Without money for formula, perhaps Germaine Cellier would have come up not with the inimitable “Fracas” in 1948, but with a pale, synthetic-smelling tuberose — pretty enough, and based on a great concept, but lacking the engineering needed to make the machine go. And concept alone is never sufficient. Architect Richard Meier’s gorgeous, soaring Jubilee Church in Rome is a contemporary wonder, but it would have been a disaster if developer Lamaro Appalti S.p.A. had not been allocated the budget for the right quality of concrete and steel.

“Big Pony 2”, created by Antoine Lie, one of the most inventive and technically expert perfumers around, and Ellen Molner, who has an excellent commercial touch, is an achievement of concept and development. The commercial aspect of the collection is crucial; Ralph Lauren’s creative team primarily aims to sell well-made, solid, accessible-luxury units, so ‘avant garde’ is not in the brand’s vocabulary. Ralph Lauren is not out to revolutionise the masculine scent; yet they’ve taken a step in that direction.
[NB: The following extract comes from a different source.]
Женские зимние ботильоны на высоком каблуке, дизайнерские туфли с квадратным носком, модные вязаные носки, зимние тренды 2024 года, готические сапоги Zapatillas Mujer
Within the art-house collection of the brand Bond No. 9, “New Haarlem” a 2004 fragrance made by superlative perfumer Maurice Roucel, is the best — a work of olfactory art, with overt scents of chocolate, lush fruit and flapper lipstick. Potent and mesmerising, it testifies to Roucel’s control of his medium. Moreover, “Haarlem” is a masterpiece, not only in construction, technical performance and aesthetic innovation, but also in its powerful olfactory invocation of an entire historical era — jazz and Prohibition-era Harlem, and the thrill and decadence that characterised it.

Lie and Molner have, too, have created a masculine that constitutes an authentic step into avant-garde territory. “Big Pony 2” has a terrific opening, revealing a concept of chocolate — both sweet and bitter — and an angle of the spiced silk of “Opium” with a gourmand aspect virtually nonexistent in masculine perfumery. They have done this to make this scent acceptable at a university club, and they’ve mated it to a traditionalist Ralph Lauren masculine chassis — a “fresh, clean” just-showered guy exiting the gym. Still, it is a new and interesting concept.

But the creators of “Big Pony 2” were not given the money to build a solid scent. It’s known in the industry that L’Oreal wants quality, but gives perfumers little money with which to build quality. In the case of “2”, the chocolate-light spice tease remains just a great idea that soon burns off, leaving behind a competent but ordinary masculine.

In this collection of four scents, could they not have gone further with just one? A guy could always simply reapply relatively frequently — the scent is light enough that it is impossible to overdose. But the promise of this marvellous, darkly sweet kiss is merely a promise. Perhaps the next Ralph Lauren masculine will follow through.